I view hockey as a means for our kids to build confidence, learn responsibility, improve interpersonal skills, make lasting friendships, and have experiences they would otherwise not have encountered. It’s important to realize that very few of our children will have the opportunity to play at the highest levels. I encourage you allow your kids to live this dream, but don’t live it for them. Do not force winning at all costs, but rather encourage they exemplify a hard work ethic, sportsmanship, respect, and commitment.
In twenty years, your kids will not remember who won the game or who scored the most points. However, they will remember the coach that took the time to make them a better player and person, parents that supported them along the way, talks with mom and dad to and from the rink, time afforded for them to pursue other sports and interests, and major setbacks that made them more resilient. Remember if you always win you do not know how to lose and reach deep inside yourself and become your best.
At best, you should hope your child’s love for the game provides them a passion in life that they can continue to use and share with others throughout their lives. My advice to parents and coaches is to remind your children they need to believe in themselves before others will believe in them. Great things will come thereafter!

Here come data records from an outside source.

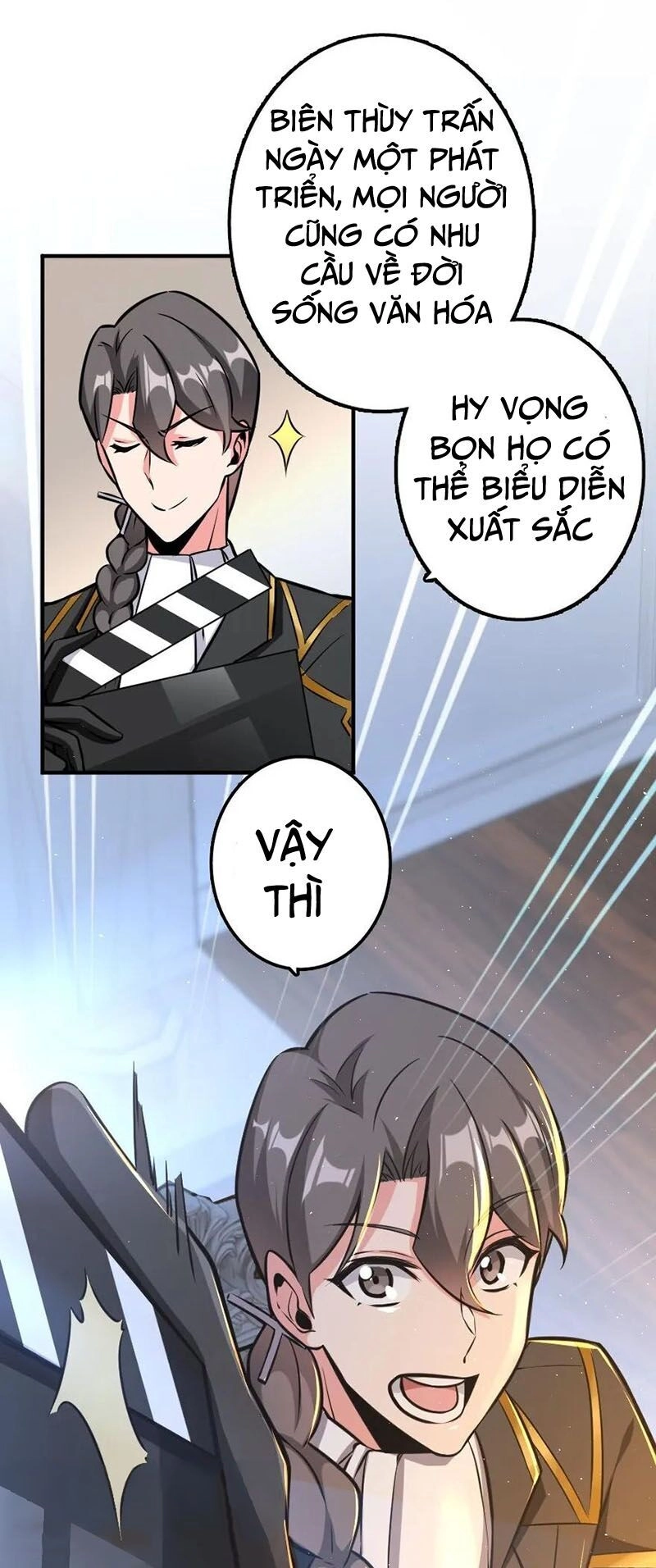 Thả Vu Nữ Đó Ra Chapter 111 - 27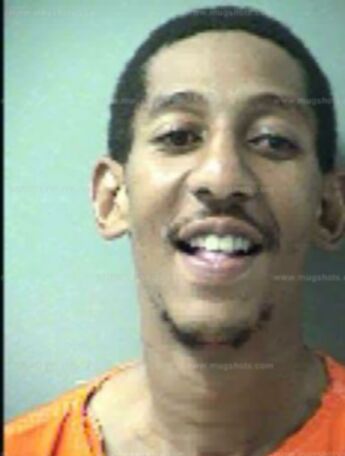 Curlon Jaymar Moore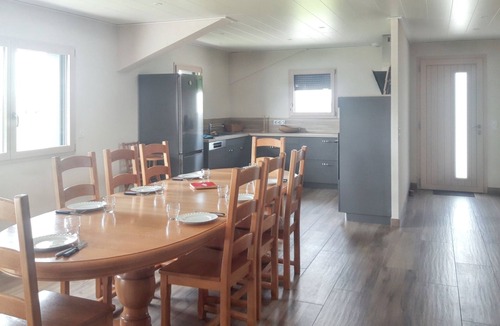 Cerniebaud House | Homerez - House in Cerniébaud.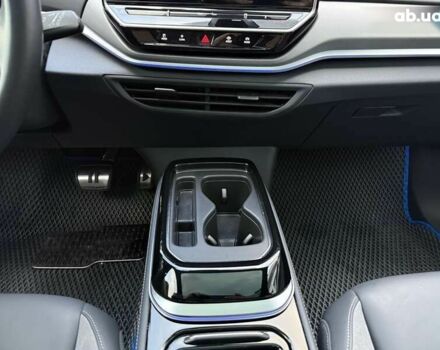 Фольксваген ID.4 Crozz, объемом двигателя 0 л и пробегом 39 тыс. км за 26500 $, фото 24 на Automoto.ua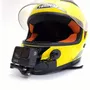 Segunda imagem para pesquisa de suporte celular capacete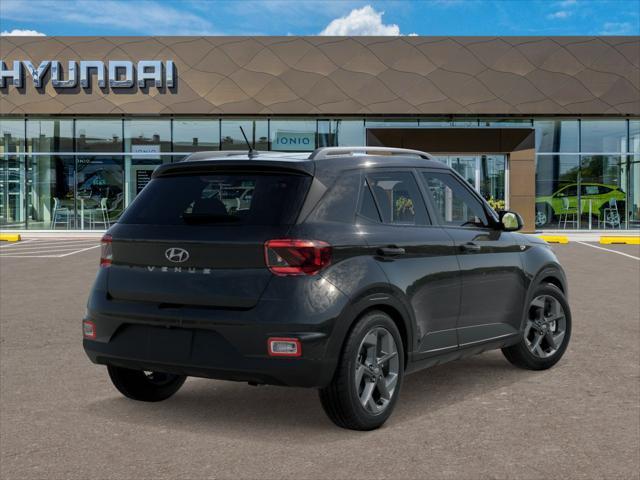 2026 Hyundai Venue - $26,049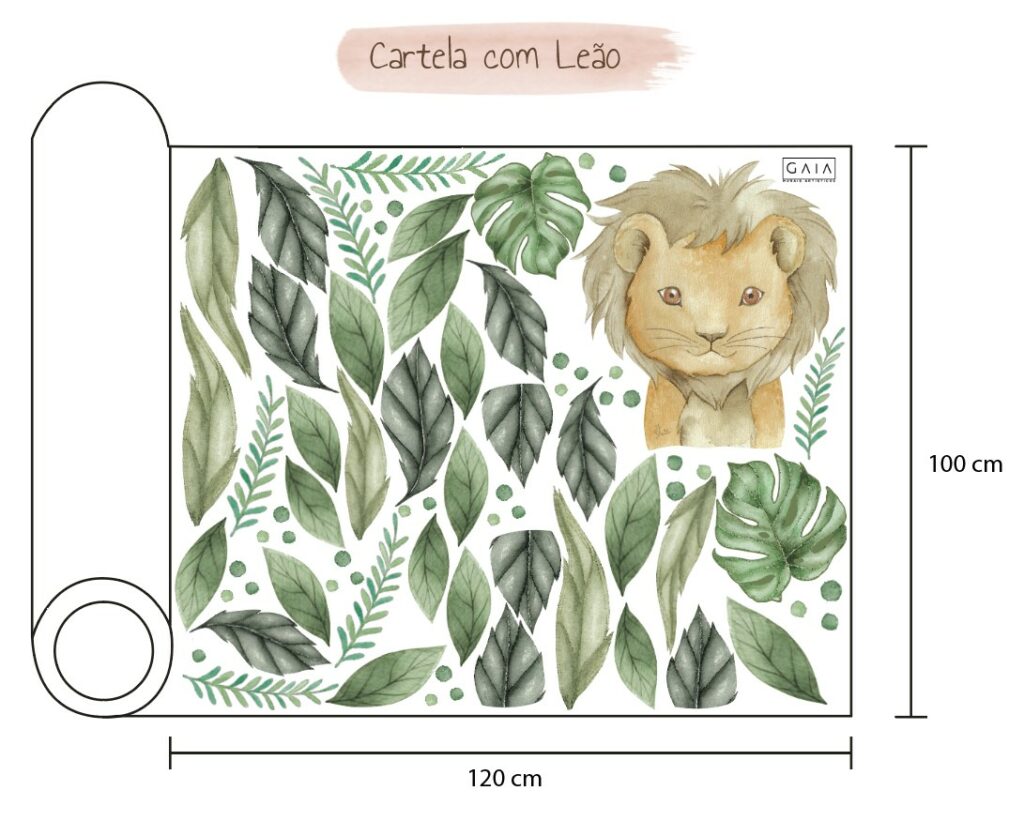 cartela-leao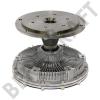 BERGKRAFT BK11102FC Clutch, radiator fan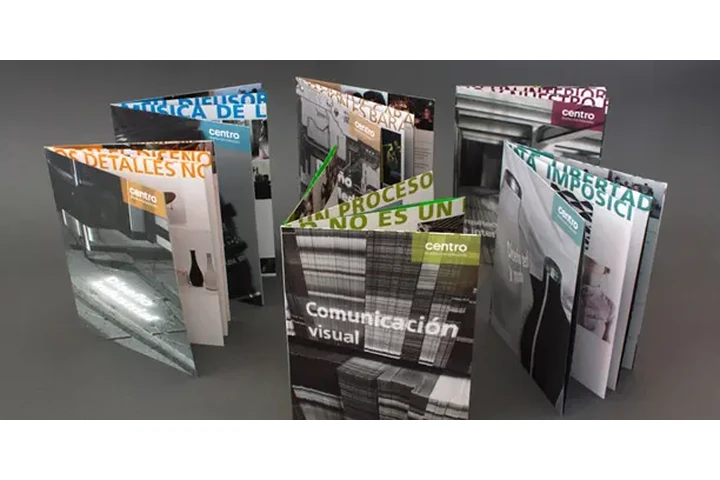 IMPRESIÓN PAPELERIA COMERCIAL image 1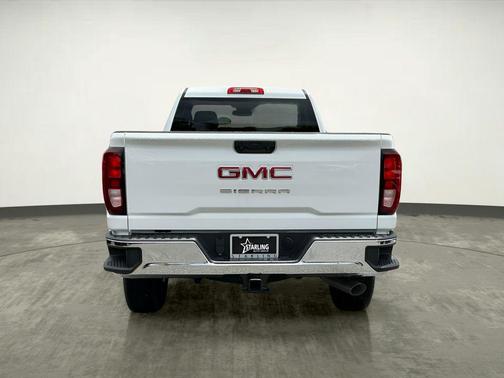 2025 GMC Sierra 2500 Base
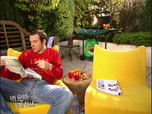 Replay Un gars, une fille - S4E23 - Sur leur terrasse (2)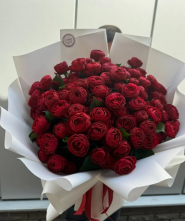 Flower City, служба доставки фото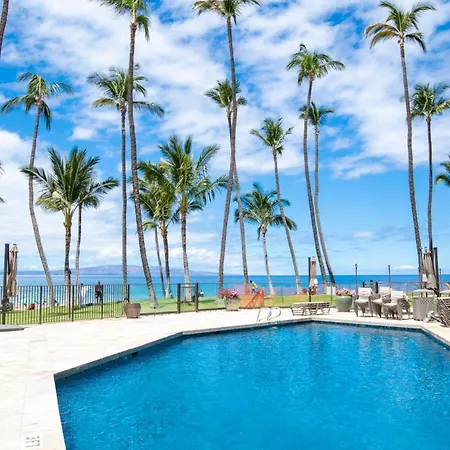 Mana Kai 501 Villa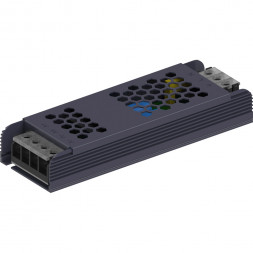 Трансформатор электронный для трековых светильников 100W 48V (драйвер), LB048 арт.41957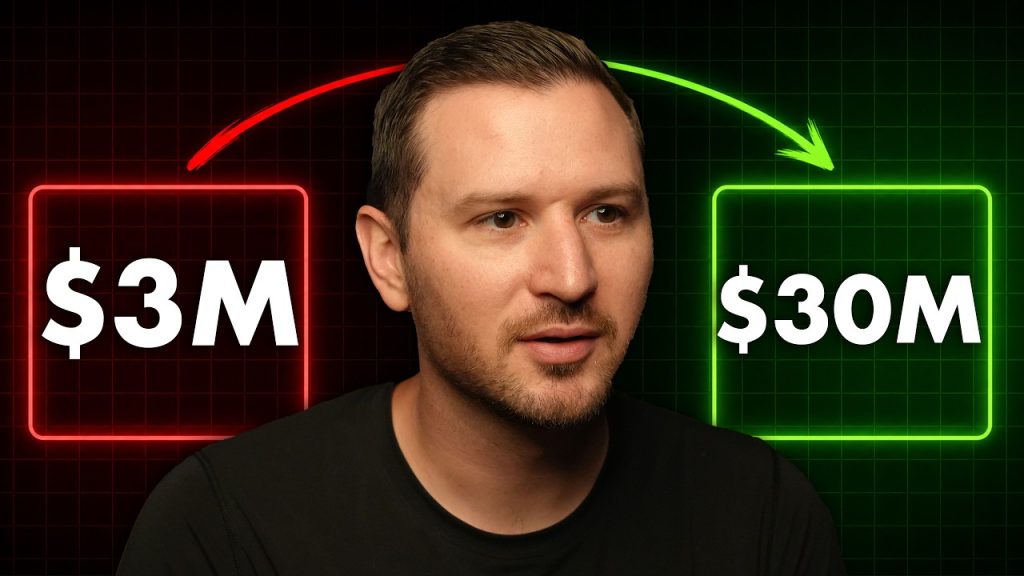 How $30M Home Service Companies Are Actually Built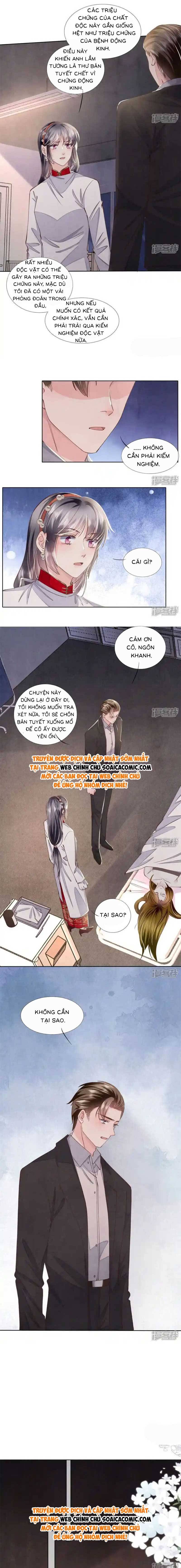 Mùa 2-Tôi Có Ông Chồng Hay Ghen Chap 130 - Next Chap 131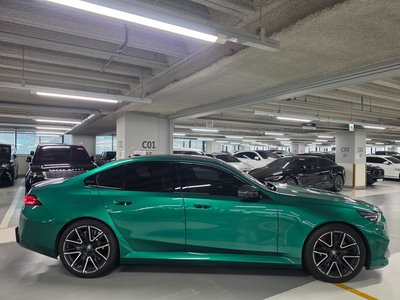 صورة 3 لـ 2026 BMW M5
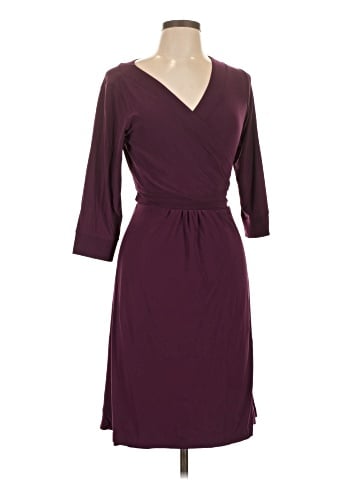 Melissa Masse Cocktail Dress (view 1)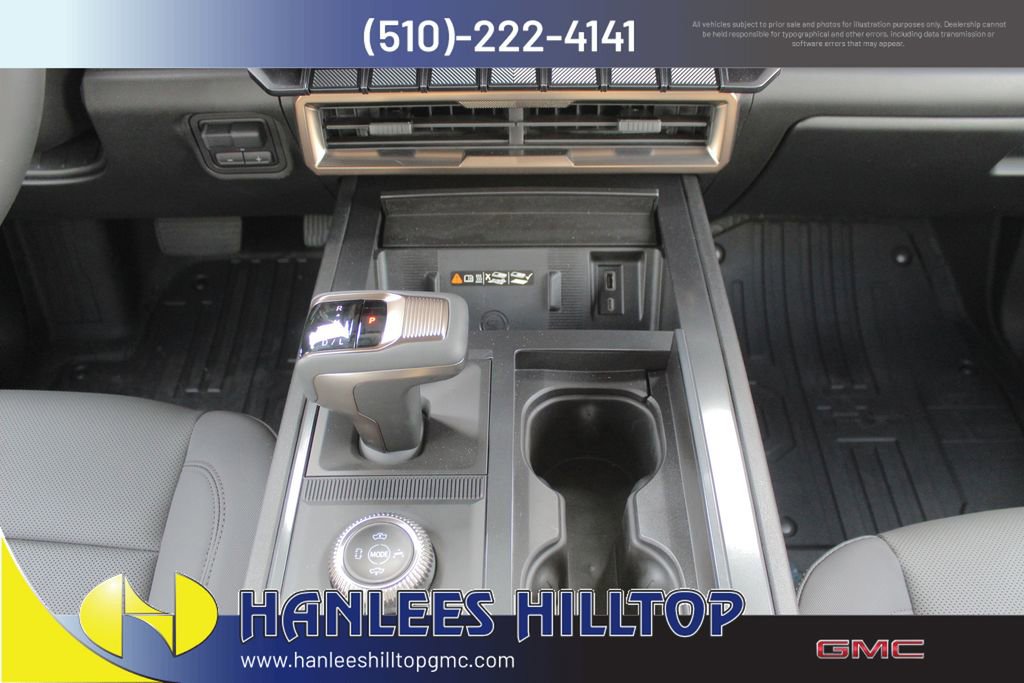 New 2024 GMC Hummer EV 2X w/ Extreme Off-Road Package image 17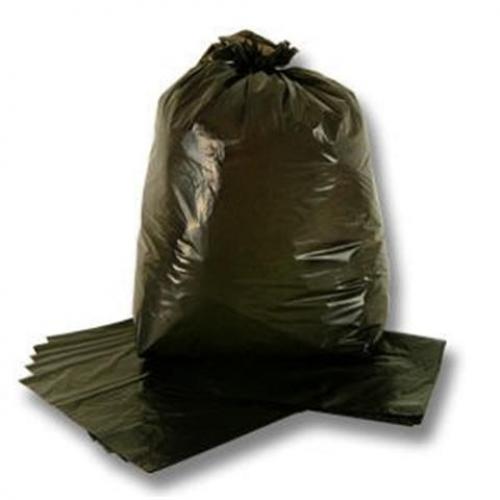 Refuse Sack 18x29x39" XHW-20kg          0030G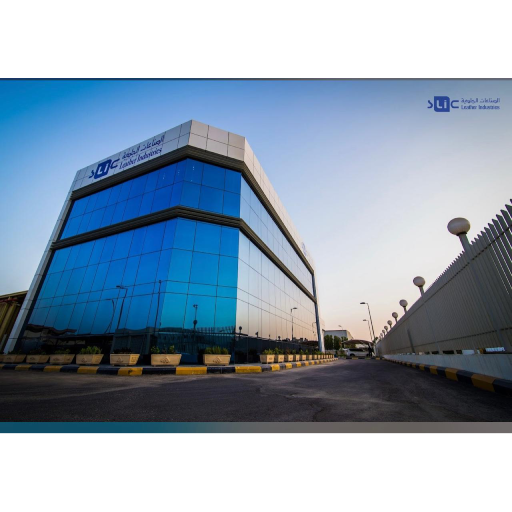 SAUDI LEATHER INDUSTRIES CO LTD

All hockey players, even the great ones eventually meet in the “beer” league. Like every passion in life, it becomes part of our life, but it’s important to not lose perspective on how hockey shaped your life. The “beer” league gives you one hour a week to reflect on your life’s journey, realize how fortunate you have been to have the opportunity to play this game, escape from every day demands, and feel like a kid again. You do not need to win to feel like a champion, and no one can take that from you.